I don’t remember his name. It probably isn’t important that I do, so I’ll just tell the story about the man who drove the old, brown station wagon to the flea market up behind the Kingsport Speedway. He was short, about 5 foot 1 or 2. He had a home-made loud speaker, with large trumpet-shaped speakers mounted to the top of his car. He would park among the vendors, pay his fee, and stand up on the opened tail gate to take his microphone and begin the rhythmic cadence of sentences and phrases and uh, “guh-LOR-ee-uh!” Only a few stopped to listen, several spent breath expressing their dissatisfaction with his presentation, and wishing he would move on.
I was mesmerized.
His ragged Bible, flopping with passion as he sweated out a gospel sermon, he would pace back and forth on that tail gate, preaching with intention and smiling between breaths.

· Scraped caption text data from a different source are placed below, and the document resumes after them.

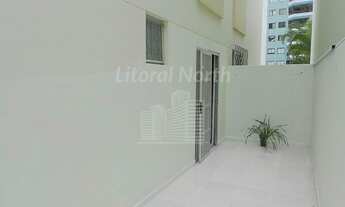 Imagem 5: Apartamento no centro de Balneário Camboriú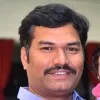 Rakesh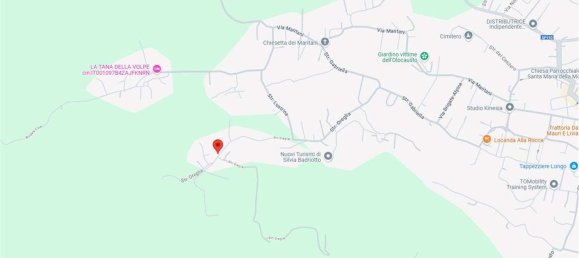 Casa de 4 habitaciónes en Cumiana, Italy No. 211847 7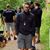Yonatan Tal's profile image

His road-weary car was covered in professionally-painted signs that rang out God’s declaration that we should all “Repent! The end is coming!” As I stood and watched from my ten-year old vantage, walking from vendor to vendor, peeping around from behind Pappaw, I wondered when he would bring it to an end. He looked to be laboring hard, breathing with intense struggle, making so little difference as the crowd just continued walking, sputtering, just one or or two stopping to nod and give a “Preach it! Brother!”
Week after week the mission continued, every Saturday always on the edge of the large gravel parking lot, near the end of the line of vendors. Flea Market Preacher, prophet of the well-traveled station wagon. May he rest in peace.